Helms won the match-up with Watson, outscoring him 39-25 and leading
Oakland
to its first road win of the season, 86-65.
Oakland followed that up with a loss at Oral Roberts before bouncing back
to
take a 75-62 win at home over Western Illinois, putting OU at 2-2 to start
Mid-Con play. That brought Valparaiso to Rochester, the only Mid-Con team
that OU had never beaten since joining the league.
In a close game, Oakland held a 70-67 lead with 30 seconds to play, but
the
Crusaders pulled it out with a pair of free throws in the final seconds to
take a gut-wrenching 72-70 win.
Oakland could have let the loss set the tone for the rest of the season,
but
instead the Golden Grizzlies used it to inspire them for the rest of the
season.

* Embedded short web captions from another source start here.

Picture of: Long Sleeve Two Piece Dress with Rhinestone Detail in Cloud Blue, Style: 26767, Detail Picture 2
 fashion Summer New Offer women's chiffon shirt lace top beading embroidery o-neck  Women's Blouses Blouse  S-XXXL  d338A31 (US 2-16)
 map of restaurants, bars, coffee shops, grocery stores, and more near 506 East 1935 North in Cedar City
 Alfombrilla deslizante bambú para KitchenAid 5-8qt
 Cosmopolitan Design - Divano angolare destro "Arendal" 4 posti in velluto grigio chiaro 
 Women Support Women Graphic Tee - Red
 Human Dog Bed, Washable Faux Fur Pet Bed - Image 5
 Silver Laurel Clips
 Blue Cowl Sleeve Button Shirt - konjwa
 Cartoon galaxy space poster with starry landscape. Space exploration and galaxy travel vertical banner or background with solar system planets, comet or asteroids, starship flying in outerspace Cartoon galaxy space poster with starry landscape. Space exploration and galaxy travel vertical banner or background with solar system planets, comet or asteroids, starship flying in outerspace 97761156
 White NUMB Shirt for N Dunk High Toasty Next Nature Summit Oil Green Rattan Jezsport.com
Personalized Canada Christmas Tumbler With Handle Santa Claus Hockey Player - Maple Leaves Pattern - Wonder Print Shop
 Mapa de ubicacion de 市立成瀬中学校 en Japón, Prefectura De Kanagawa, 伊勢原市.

In its next outing OU bounced back from the disappointment behind
31
points from Helms to win a rematch with Texas A&M-Corpus Christi,
87-74.
That win would be the first of many down the stretch for Oakland, as the
Golden Grizzlies reeled off six straight wins that brought them back into
contention for the Mid-Con title. Helms was the catalyst in the stretch,
averaging 31 points in the seven wins and not getting slowed down until he
was held to seven points in a loss at Valparaiso.
The Golden Grizzlies again bounced back from a Valpo loss, taking the last
three games of the season to reach the 17-win mark for a second straight
year. In the season finale Helms scored 42 points against Southern Utah,
making it 13 games during the season in which he scored at least 30
points.
Unfortunately for Oakland, the 2003 Mid-Con Tournament was much the same
as
the 2002 version, with the Golden Grizzlies getting upset in the first
round
as the No. 3 seed. This time it was Southern Utah that pulled off the
upset,
holding Helms to eight points in a 66-55 loss to the Thunderbirds that
ended
OUs season at 17-11.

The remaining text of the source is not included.